Despite its impressive size, Thanet will be dwarfed by subsequent wind farms that are in the pipeline as part of Round 3, including Dogger Bank at 9 GW, Norfolk Bank (7.2 GW), and Irish Sea (4.2 GW).

Returning to the largest projects of 2010, Thanet was followed by Rødsand II, a 207-MW extension of an existing wind farm in Denmark installed by E.ON in 2010, and the 180-MW Robin Rigg wind farm, again constructed by E.ON in April. This is Scotland's first offshore wind farm. Onshore wind Turning to wind farms on land, the US was the place to be in 2010, with the Roscoe wind farm – the largest onshore wind farm in the world – being commissioned in November. This 781.5-MW wind farm was closely followed by the Horse Hollow Wind Energy Center at 735.5 MW. The largest wind farm under construction is also in the US and consists of the 800-MW Alta Wind Energy Center, while the largest proposed project is the massive 10-GW Gansu wind farm in China; a country which will undoubtedly boast some of the largest wind projects in 2011.

Hydroelectric


Renewable Energy World turned to the editors of Hydroworld.com to look at the biggest projects in the hydroelectric sector, finding that the largest project that began operation in 2010 also holds the record as Southeast Asia's largest hydroelectric power station. The first of six turbines at Vietnam’s 2.4-GW Son La station was connected to the national power grid in late December, and it is forecast that the two-billion-dollar plant will be fully operational in 2012, three years ahead of a target set by the National Assembly.
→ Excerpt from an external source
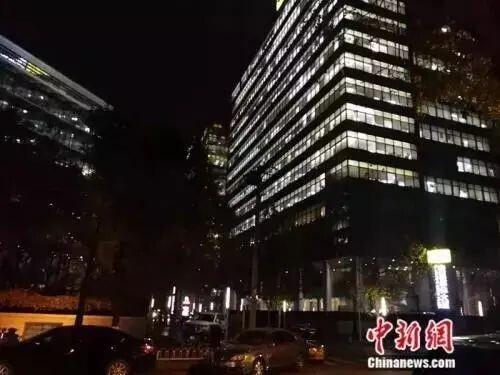996什么意思（996到底违法不官方给出答案）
South East Asia is also home to the second largest project that went online in 2010. The Nam Theun 2 hydroelectric power project in Laos was completed in December at a cost of $1.45 billion and has a capacity of 1,070-MW. The project is co-owned by Electricite de France, the Lao government, the Electricity Generating Public Co. of Thailand and Italian-Thai Development.

Major hydro power projects were also completed in Brazil (the 855-MW Foz do Chapeco hydropower plant) and Ethiopia (the 460-MW Beles plant), while the largest hydroelectric project in North America (the Toba Montrose project) went online in British Columbia (Canada) after three years of construction and at a cost of $663 million.

Solar photovoltaic


Europe was very much at the forefront of major solar photovoltaic (PV) projects throughout last year, with all but the largest of the top eight projects being constructed in Italy, Germany and Spain. Nonetheless, prompted by a succulent feed-in tariff, the largest solar PV array to be completed in 2010 was located in Ontario (Canada), after solar developers chose to expand the Sarnia PV plant to a 97-MW capacity.
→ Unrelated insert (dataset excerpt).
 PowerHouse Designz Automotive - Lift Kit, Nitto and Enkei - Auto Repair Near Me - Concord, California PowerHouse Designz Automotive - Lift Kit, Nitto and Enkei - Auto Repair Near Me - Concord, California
Developed by SunRay Renewable and acquired by SunPower in February 2010, the Montalto di Castro in Italy followed closely behind the Sarnia plant, with a capacity of 84.2 MW. Third slot was held by Q-cells International’s 80.7-MW Solarpark Finsterwalde I,II,III in Germany.

Geothermal


Renewable Energy World found that while the US continues to lead in overall geothermal development, the top three biggest geothermal projects completed during 2010 were all located outside the country.

The biggest plant in 2010 was built at Rotokawa in New Zealand. Coming in at 132-MW, Mighty River Power’s Nga Awa Purua plant is the largest single-turbine project ever developed.
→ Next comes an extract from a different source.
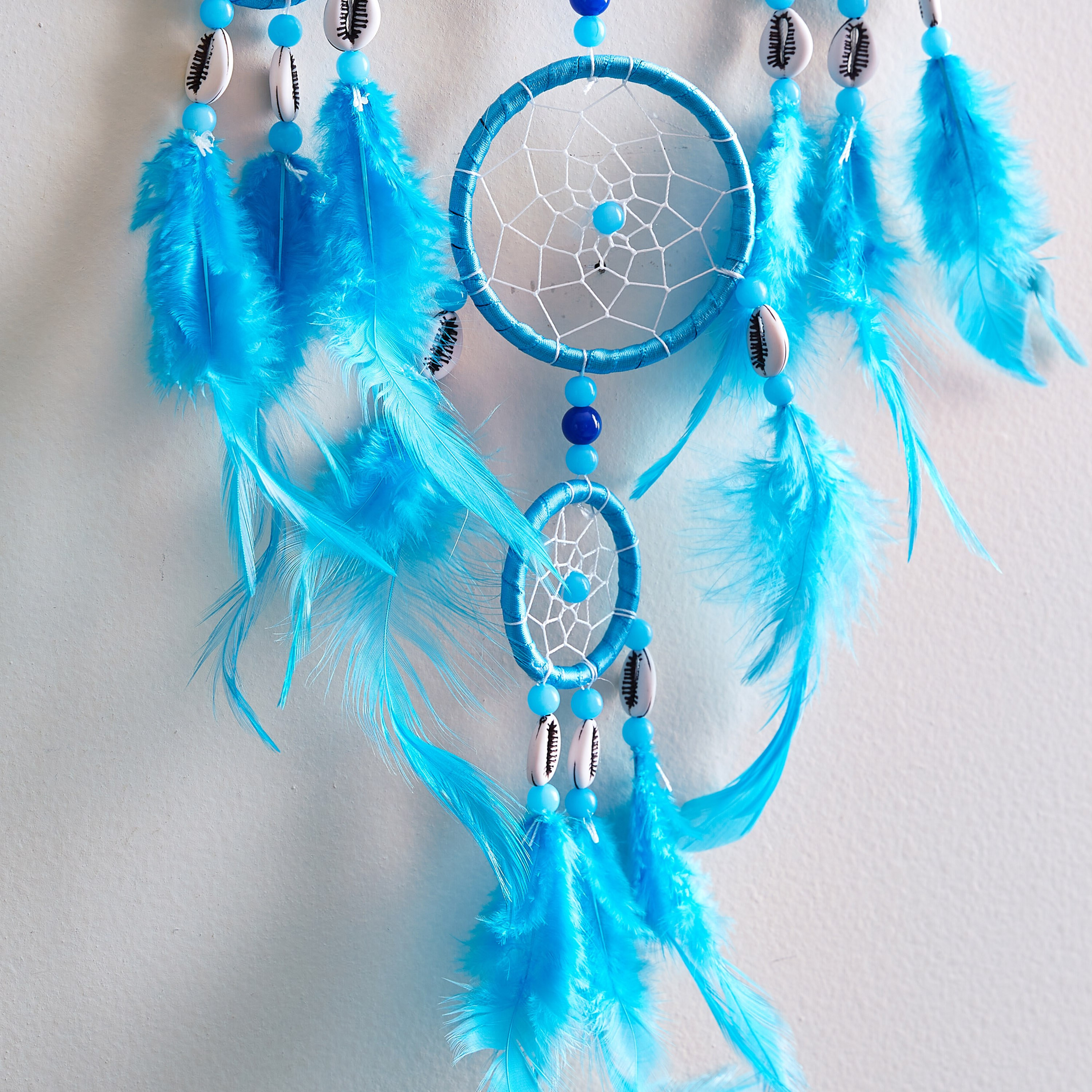 Aurelia Dreamcatcher-hbxhomeware-homedecor-figurinesandornaments-image-3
Italy again figured as host of one of the flagship renewable projects of the year, when the second-largest geothermal plant to be constructed in 2010 was competed at the Larderello field, which has been under exploitation for 80 years. Enel Green Power’s Nuova Radicondoli 2 and Chiusdino 1 wells, both 20-MW, came online this year.

Finally, Africa was home to the third biggest project fully completed in 2010. Sited in Kenya, the 35-MW expansion of the Olkaria II power plant brought the entire project to a total capacity of 105 MW, making it the largest geothermal plant in Africa.

Biofuels


The US and Brazil were the most favorable locations for new ethanol plants last year, with most of the sector’s top eight projects being started up in these two countries. The developer ADM was responsible for the two largest plants, located in Iowa and Nebraska (US). Each has a maximum output of 300 million gallons per annum and uses corn as a feed stock.

Brazil is home to the sixth, seventh and eighth largest plants, the first two in Goiás and with capacities of 98 and 95 million gallons per annum each, and the latter sited in Mato Grosso, also with a capacity of 95 million gallons per year. All three plants operate using sugarcane.

In the renewable diesel segment, Dynmic Fuels in Geismar, Louisiana (US) headed the field, when its synthetic diesel plant was commissioned. The plant produces 75 million gallons of renewable fuels per year from non-food grade animal fats produced or procured by Tyson Foods.

Nestlé Oil opened the largest renewable diesel plant in the world in 2010. Located in Singapore, the plant produces 240 million gallons per annum of NExBTL renewable diesel from a mix of palm oil, rapeseed oil, and waste fat from the food industry.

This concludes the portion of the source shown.